On-shell Condition for physical particles in QFT Last year Prof. Ashoke Sen proved Soft Theorems for gravitons for generic theories of gravity. The papers are exceptionally well-written and I think I understand most of it (partly due to the lecture series available online by himself) but there's a trivial thing that I'm stuck on. He says that the on-shell condition for a particle with polarisation $\epsilon_i(p_i)$ is $\epsilon^T.K = 0$. Here $K$ is the kinetic energy operator (or the 2 point coupling matrix). I understand that I must be missing something trivial I just can't figure out what. I appreciate all the help I can get.
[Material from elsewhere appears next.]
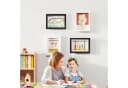 EUGAD 3D Bilderrahmen A4 Schwarz Weiß MDF Acryl Bild 1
 A: This is merely a long comment.
Let's begin with a simpler question: why does a spin-1 boson of mass $m>0$ satisfy $k^\mu\epsilon_\mu^{(a)}=0$ for polarization vectors $\epsilon_\mu^{(a)}$? By Lorentz invariance we need only check the condition in the rest frame, which simplifies the condition to $m \epsilon_0^{(a)}=0$; and since $V_0=0$ has a vector space of solutions, each $\epsilon_\mu^{(a)}$ is easily obtained in this reference frame, viz. $\epsilon_\mu^{(a)}=\delta_\mu^a$. Since we're working in the particle's rest frame, the constraints $k\cdot\epsilon^{(a)}=0$ still leave us with the spin degrees of freedom.
The basic idea above admits a number of generalisations. Sec. I.5 of Zee's Quantum Field Theory in a Nutshell discusses the above argument, and does a similar degrees-of-freedom count for a massive spin-2 boson, viz. $k^\mu\epsilon_{\mu\nu}^{(a)}=0$. In this case, the extension from the rest frame to other reference frames uses Lorentz covariance (or is it contravariance?) instead of Lorentz invariance. Sen has added a spacetime index to the kinetic factor rather than the polarization tensor, but the principle remains the same.
And in each case, the extension to massless particles follows from continuing the massive physics to the massless case, roughly speaking. There is an important discontinuity in the analysis, though it doesn't ruin any of the equations so far. Since $\epsilon_\mu\to\epsilon_\mu+\lambda(k) k_\mu$ preserves the constraint if $k^2=0$, a massless particle has one fewer degree of freedom. See also Sec. 4.4.1 here.